Abortion opponents target rare cases of late term abortion, describing it in horrific detail, to evoke an emotional response in listeners. Their ultimate goal is to restrict all abortion rights. What these lobbyists strategically fail to mention, however, is that banning late term abortions would force women pregnant with dying fetuses to give birth at great risk to their own health, undermining both the rights of women and the medical authority of doctors.

Late term abortions are more heart-rending, yes, because the fetus is further developed, but the numbers show that women are not selfishly waiting until the last possible minute and then heartlessly deciding to murder an innocent baby. These are medical decisions made by women and their health care providers – legislators have no right to be involved in those decisions. Access to basic health care and human rights is even more important when the woman’s life is actually in danger. 
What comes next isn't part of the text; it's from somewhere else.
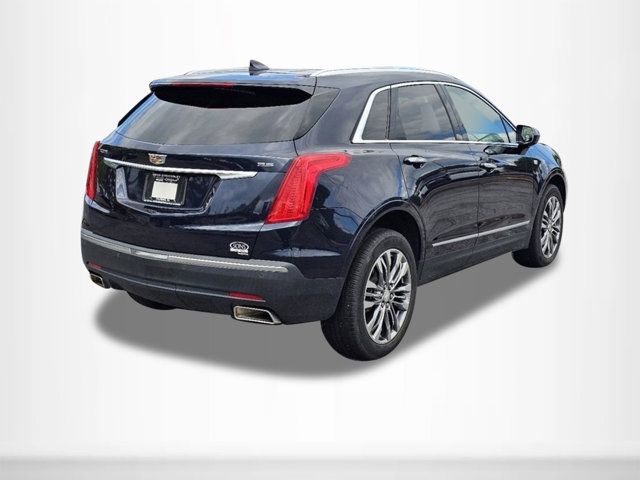 2017 Cadillac XT5 Premium Luxury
  1. Just the terminology ALONE ("Livestock?" SERIOUSLY??? It's not bad enough that we women sometimes feel bloated like cows that they have to imply it?) is demeaning. Reminds me of the mildly-comical rhetoric of "water-boarding" to mask and trivialize torture tactics.

    As much as I hate to say this, it doesn't entirely surprise me that with our sub-par healthcare system that U.S. hospitals are given the green to refuse treating patients, whether it be to perform a controversial life-saving procedure or merely to see a doctor. For the women who are at risk of dying, is it not enough that they have to deal with making a heart-breaking decision and then be faced with having to sacrifice their lives? Ultimately, if the woman does want to bear her child, despite the dangerous circumstances, that should *still* be HER CHOICE.

    What if one day, blood transfusions are made illegal because it is stated that mingling blood goes against religious beliefs? Extreme case, perhaps, but it wouldn't surprise me if legislative powers eroded that, too.


    1. I still havent decided if I'm more disgusted with the livestock comparison or the insect comparison (the war on caterpillars...) Can we all just collectively sue for slander and get rich enough to evict all these idiots from the country?

      And I think you're absolutely right on the direction we're heading with medical procedures. There's still debate over whether gay people can donate blood. Science and religion just don't mix.